To determine the functional significance of phosphorylation of serine 133 by IGF-I for activation of this transcriptional reporter, cotransfection experiments were carried out using the expression vector for Gal4-CREB in which serine was replaced with alanine at position 133. When cotransfected with pGal4-TK-Luc, this mutated fusion protein did not induce luciferase expression significantly when compared with the wild type Gal4-CREB (Fig. 4B). Treatment with growth factors did not further enhance the luciferase expression.
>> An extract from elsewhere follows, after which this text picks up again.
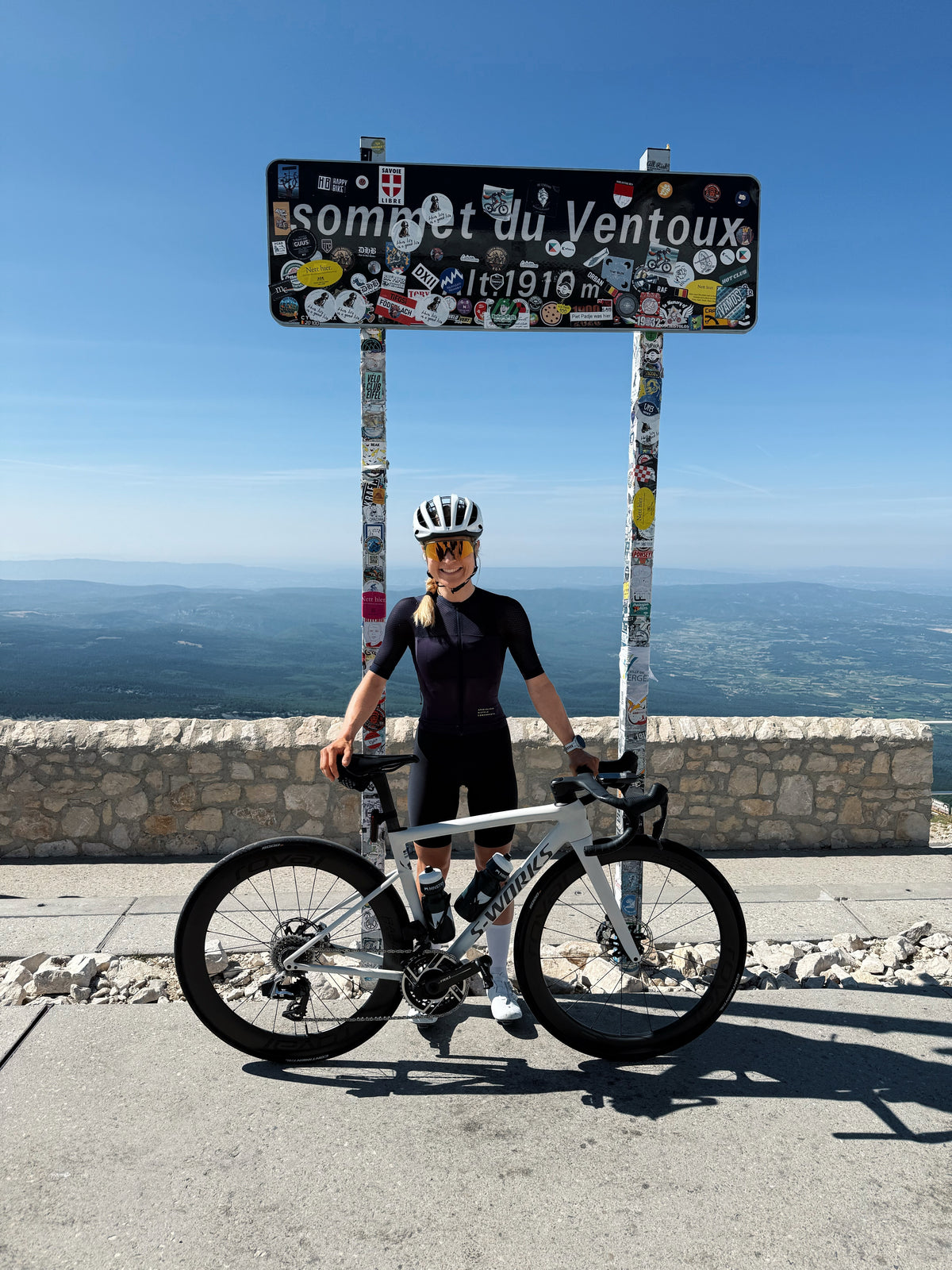 Frau steht auf dem Berg vor einem Schuld mit ihrem Rennrad in der Hand.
IGF-I-mediated Transcriptional Activation of CREB Parallels the Regulation of CREB Phosphorylation-- A parallel set of experiments to those described for CREB phosphorylation in Fig. 2 was undertaken to determine the contribution of MEK, p38 MAPK, PI 3-kinase, and p70 S6 kinase in the transcriptional activation of CREB. PC12 cells transfected with pGal4-TK-Luc and pGal-CREB were preincubated with PD98059 (30 µM), wortmannin (100 nM), SB203580 (10 µM), and SB202190 (10 µM). These additions decreased IGF-I-mediated CREB-TA by 27, 44, 31, and 34%, respectively (Fig. 5A). Rapamycin did not have any effect on the transcriptional activation by IGF-I. In the case of NGF, significant decreases (25-35%) in transcriptional activation were exerted by the inhibitors PD98059 (30 µM), wortmannin (100 nM), SB203580 (10 µM), and SB202190 (10 µM) (data not shown). As with IGF-I, rapamycin had no effect on NGF action. The inhibition of transcriptional activation by these inhibitors was partial when used alone. Parallel to our observation of the impact of combined inhibitors in Fig. 2, IGF-I-induced luciferase production was decreased to the basal level when the cells were preincubated with wortmannin and SB203580 together (Fig. 5B). These findings clearly demonstrate that IGF-I uses novel signaling pathways to increase the transcriptional activation of CREB in PC12 cells.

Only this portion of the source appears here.